The woman who couldn't walk through doors

By jane a
- 684 reads
The day of the wedding I dressed in white; after all, I wanted to
look like a bride. A long dress would have been obvious. Instead I wore
a sharp little suit, beautifully cut, with a straight skirt just
skimming my knees and a two-button jacket over a lace camisole. The
outfit had cost me two weeks' wages, but this was going to be the most
important day of my life. It had to be perfect, and when I saw myself
in the mirror I knew it was worth it. In this suit I avoided all the
clich?s. I was innocent, classic, modern, sexy: whatever you were
looking for you could find.
My mirror self was wide-eyed though, gulping gin and tonic for courage
and almost as pale as her clothes. I was prepared for this, had read
all about the last-minute doubts in Bride and Your Wedding, hundreds of
slippery pages stacked beside my bed. For eight months those magazines
had been my motivators, tirelessly advising, suggesting and
recommending, repeating their glossy litany of how to and when to,
preparing me, in their way, for what I had to do. It was what I wanted
to do, too, of course. And now that it was time, they wouldn't let me
down. I breathed in two, three, like I'd practiced; hold two, three;
out, two three. Remember to keep breathing, and you'll find you feel so
much better! Yes, it was helping. In two, three...in two, three...
Purse, keys, okay. I checked the mirror, chin raised, and saw myself
beautiful, brave and determined. Perfect.
The handle turned too easily, unexpectedly fast. The catch that should
have slid with a click back inside the lock remained silently sunk into
the jamb, and the door stayed closed. Stupid with surprise I yanked it
again, and again, meeting no resistance. My head began to fizz with
sudden panic and I pumped the handle up and down, the metal slipping
uselessly beneath my sweating hand. Nothing shifted. I leaned for a
minute, one hand grasping the handle and the other pressed against the
wall, laying my forehead on the smooth surface, and breathing in two
three. Something was broken, had stopped connecting inside.
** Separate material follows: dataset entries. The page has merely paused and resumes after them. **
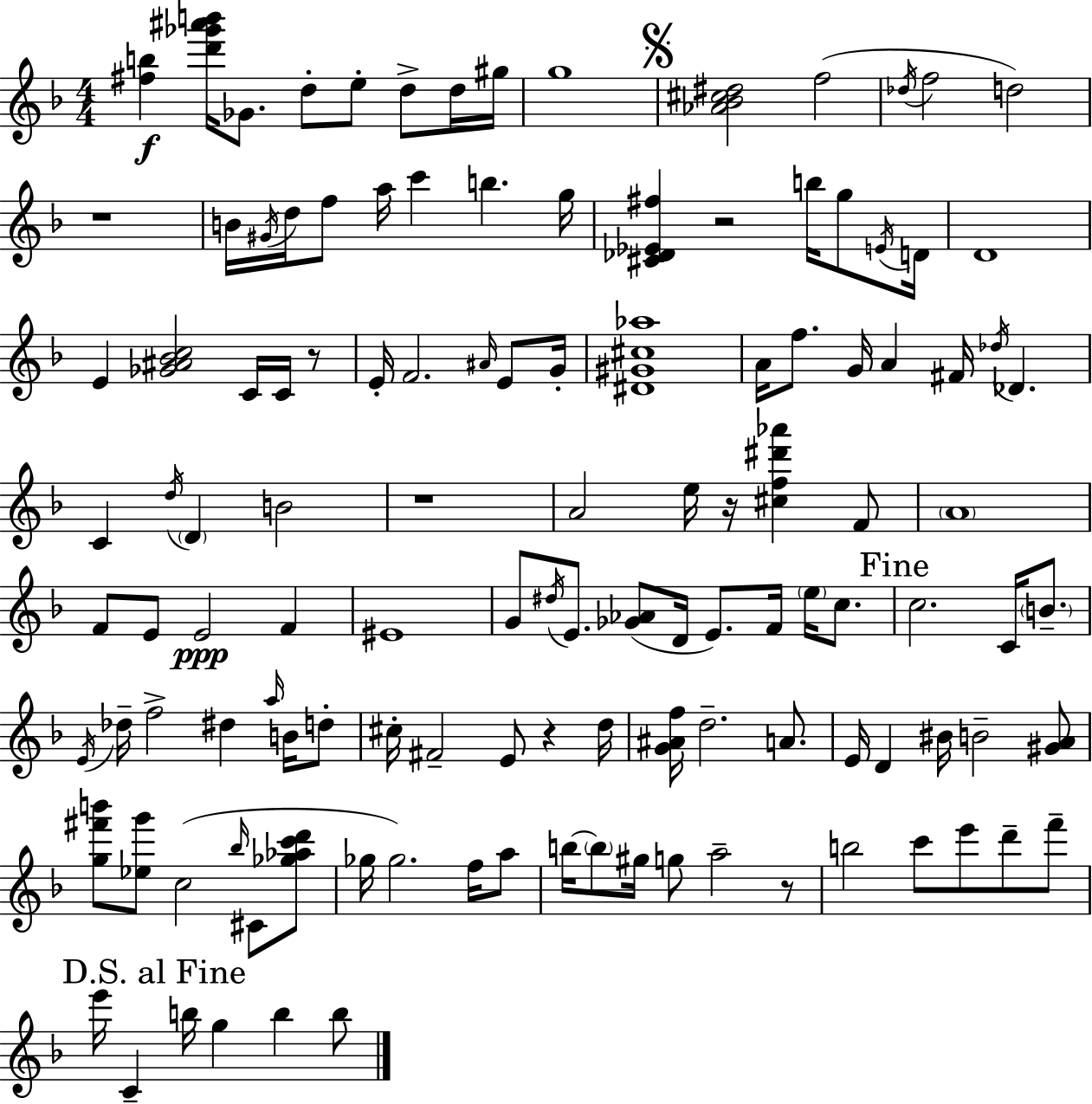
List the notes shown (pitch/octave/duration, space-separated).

[F#5,B5]/q [D6,Gb6,A#6,B6]/s Gb4/e. D5/e E5/e D5/e D5/s G#5/s G5/w [Ab4,Bb4,C#5,D#5]/h F5/h Db5/s F5/h D5/h R/w B4/s G#4/s D5/s F5/e A5/s C6/q B5/q. G5/s [C#4,Db4,Eb4,F#5]/q R/h B5/s G5/e E4/s D4/s D4/w E4/q [Gb4,A#4,Bb4,C5]/h C4/s C4/s R/e E4/s F4/h. A#4/s E4/e G4/s [D#4,G#4,C#5,Ab5]/w A4/s F5/e. G4/s A4/q F#4/s Db5/s Db4/q. C4/q D5/s D4/q B4/h R/w A4/h E5/s R/s [C#5,F5,D#6,Ab6]/q F4/e A4/w F4/e E4/e E4/h F4/q EIS4/w G4/e D#5/s E4/e. [Gb4,Ab4]/e D4/s E4/e. F4/s E5/s C5/e. C5/h. C4/s B4/e. E4/s Db5/s F5/h D#5/q A5/s B4/s D5/e C#5/s F#4/h E4/e R/q D5/s [G4,A#4,F5]/s D5/h. A4/e. E4/s D4/q BIS4/s B4/h [G#4,A4]/e [G5,F#6,B6]/e [Eb5,G6]/e C5/h Bb5/s C#4/e [Gb5,Ab5,C6,D6]/e Gb5/s Gb5/h. F5/s A5/e B5/s B5/e G#5/s G5/e A5/h R/e B5/h C6/e E6/e D6/e F6/e E6/s C4/q B5/s G5/q B5/q B5/e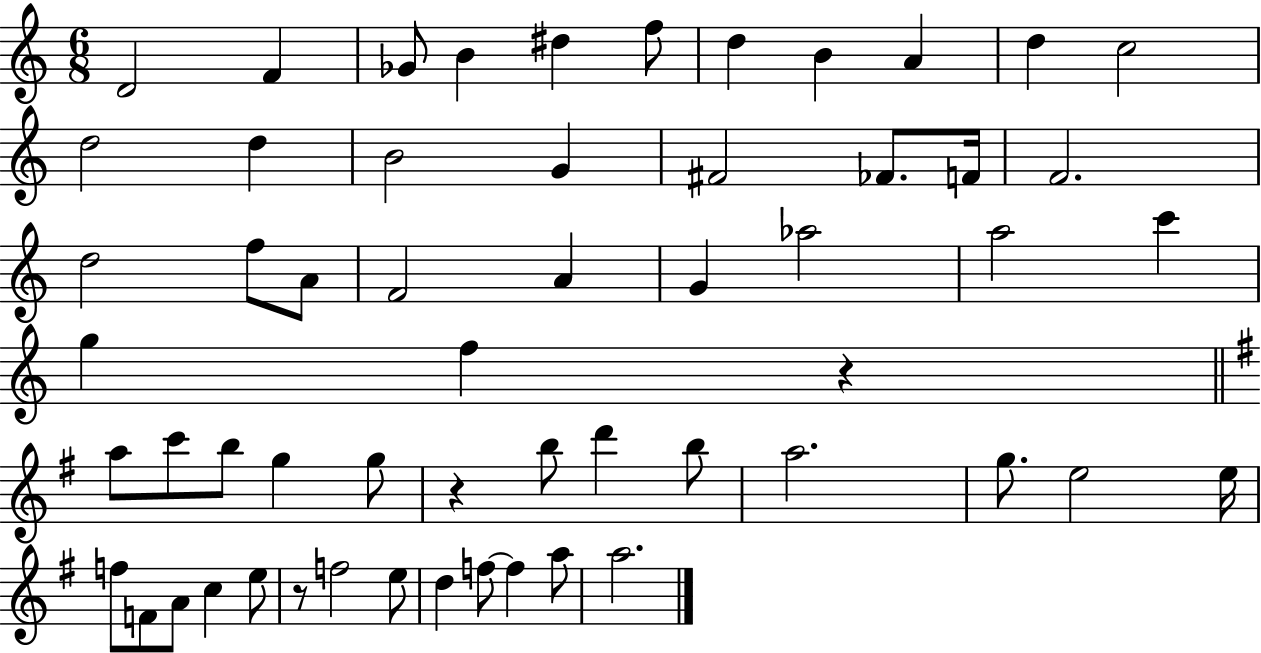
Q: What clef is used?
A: treble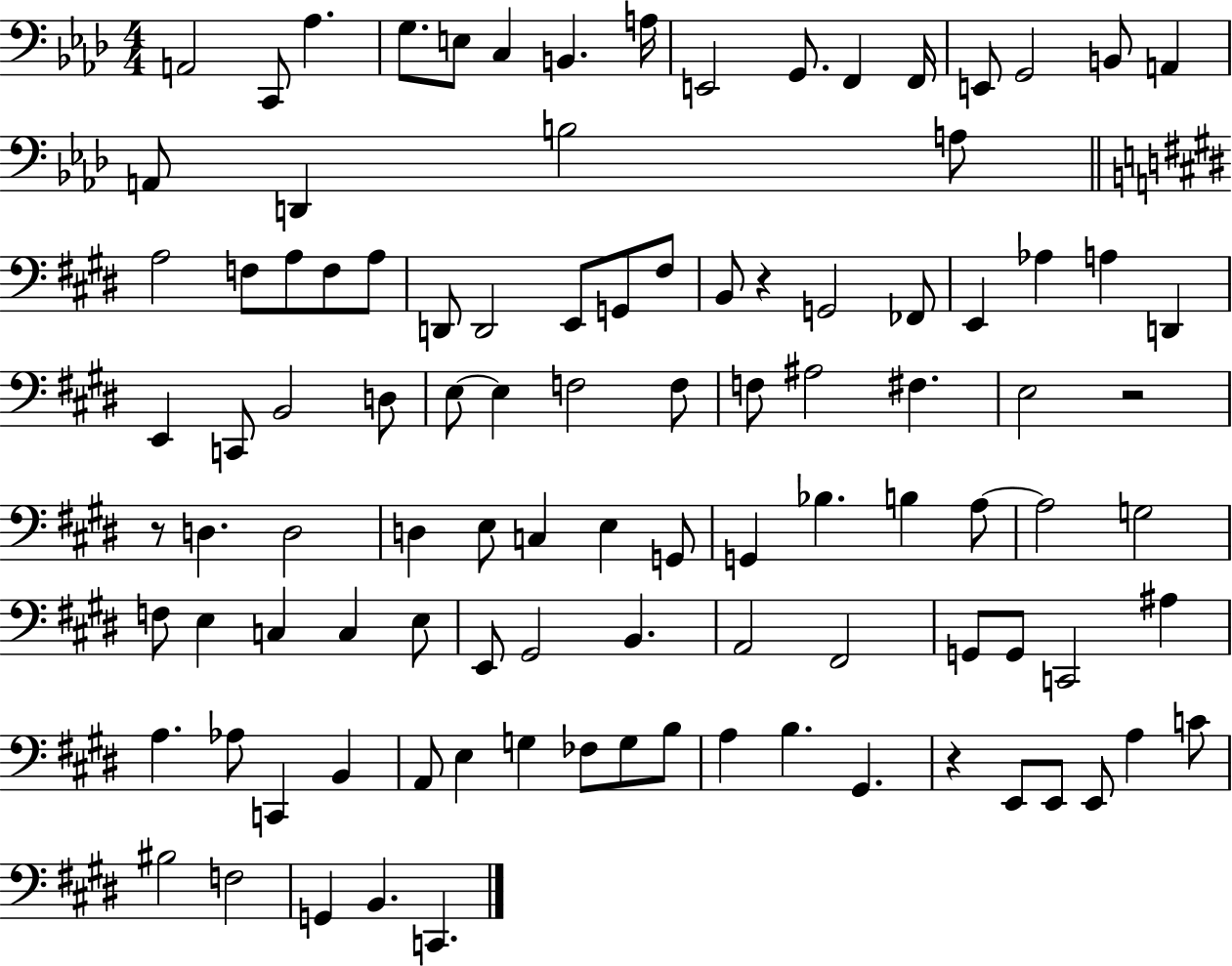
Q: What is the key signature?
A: AES major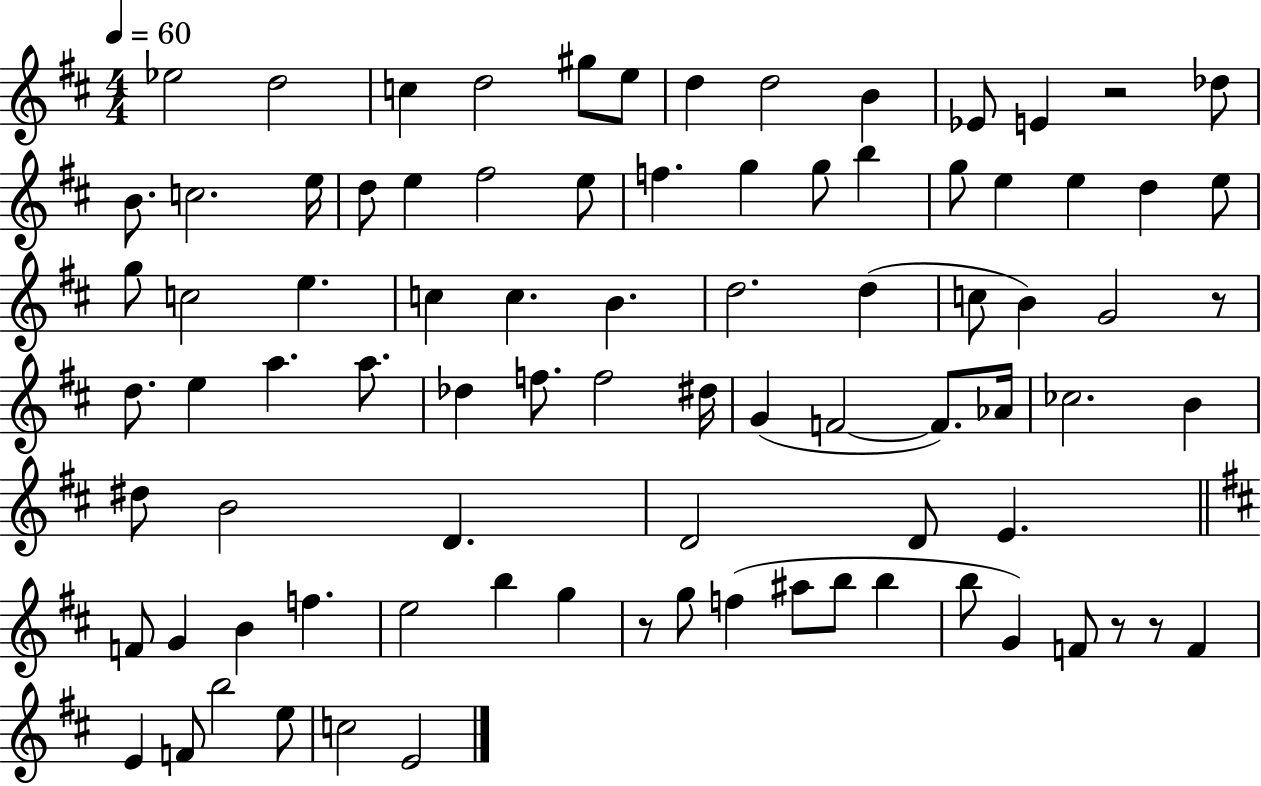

If I could
reach the workings of the lock I could move the catch, and then who
knows how I'd get in again but at the moment I didn't believe I'd be
coming back, for surely my world would be altered beyond all
recognition in the next two hours. Before long, cars would be crunching
the gravel outside the church, spilling out women in wobbly new shoes
and men with vigorous handshakes. And shortly after that, she would
arrive, and it would be time to make an entrance.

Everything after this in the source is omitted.